On Mon, Jan 17, 2011 at 2:56 AM, Peter Eisentraut <peter_e@gmx.net> wrote:
> On mån, 2011-01-17 at 07:35 +0100, Magnus Hagander wrote:
>> For text, I think locales may make that impossible. Aren't there
>> locale rules where two different characters can "behave the same" when
>> comparing them? I know in Swedish at least w and v behave the same
>> when sorting (but not when comparing) in some variants of the locale.
>>
>> In fact, aren't there cases where the *length test* also fails? I
>> don't know this for sure, but unless we know for certain that two
>> different length strings can never be the same *independent of
>> locale*, this whole patch has a big problem...
>
> Currently, two text values are only equal of strcoll() considers them
> equal and the bits are the same. So this patch is safe in that regard.
>
> There is, however, some desire to loosen this. Possible applications
> are case-insensitive comparison and Unicode normalization.
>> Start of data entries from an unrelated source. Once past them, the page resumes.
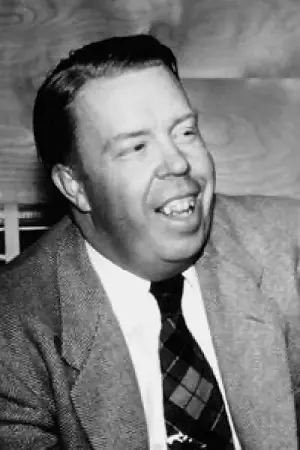 Photo Harper Goff #30128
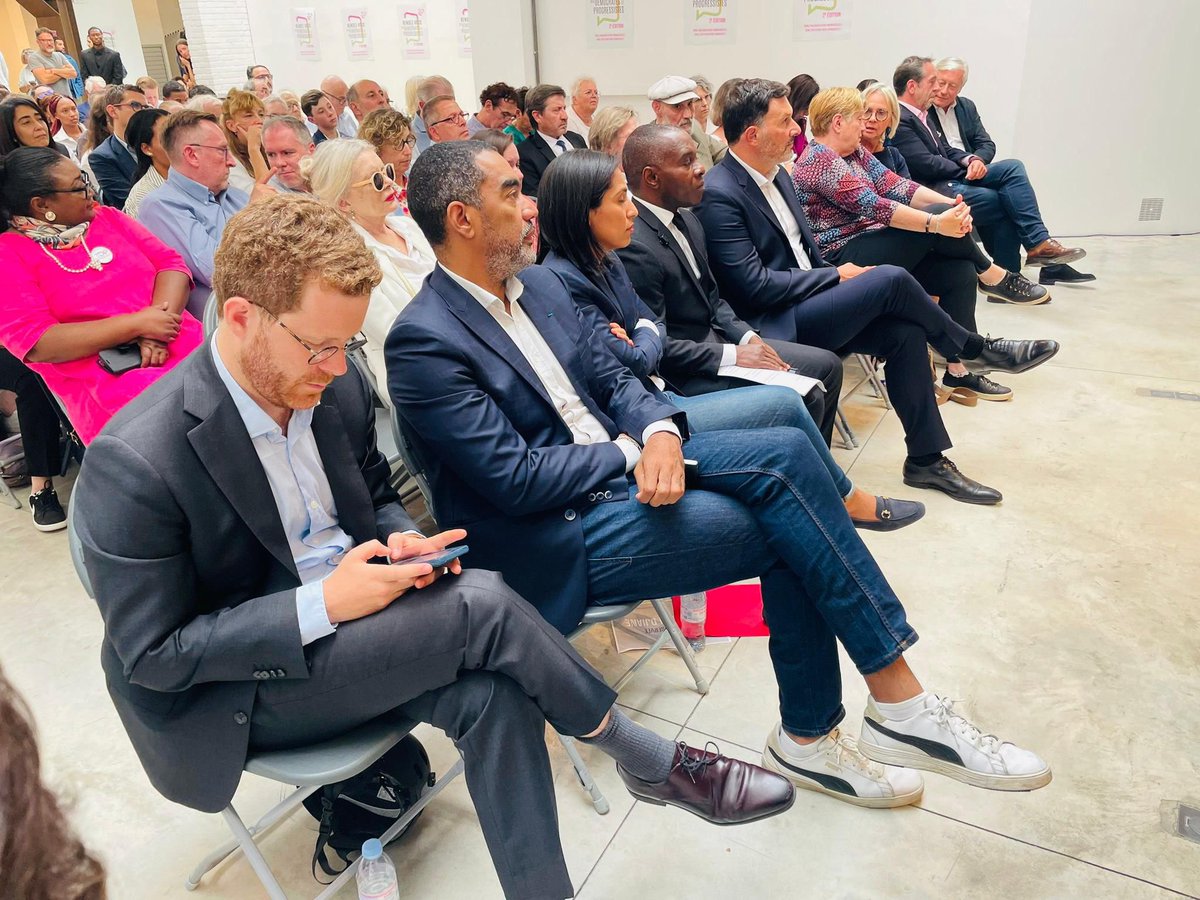 TMohamedSoilihi's tweet image. À l’invitation de @iacovellixavier pour la rentrée de @DP_LeParti, un moment pour réfléchir ensemble, fédérer les énergies pour affronter l’avenir, identifier des solutions aux problèmes du quotidien, trouver la voie du compromis et celle du dépassement au service de tous les…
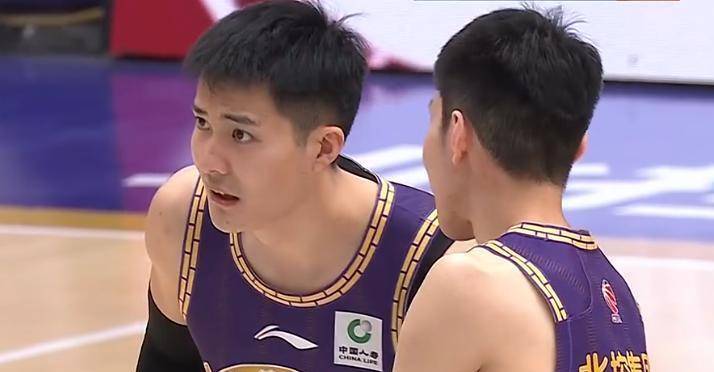 张庆鹏赛后遭队员摔护腕抗议北控险胜暴露三大死穴主帅(图4)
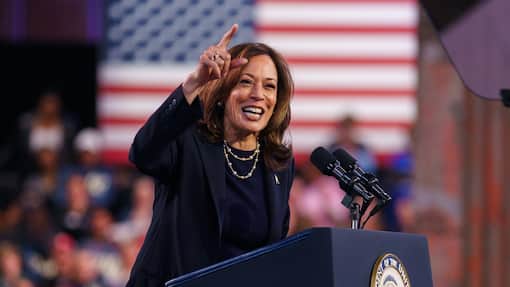 Die Börsen laufen unter Demokraten besser epa11688091 US Vice President and Democratic presidential nominee Kamala Harris attends a campaign event in Philadelphia, Pennsylvania, USA, 27 October 2024. The United States will hold its presidential election on 05 November 2024. EPA/WILL OLIVER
It's not
> going to happen soon, but it may be worth considering not putting in an
> optimization that we'll end up having to rip out again in a year
> perhaps.
Hmm. I hate to give up on this - it's a nice optimization for the
cases to which it applies. Would it be possible to jigger things so
that we can still do it byte-for-byte when case-insensitive comparison
or Unicode normalization AREN'T in use?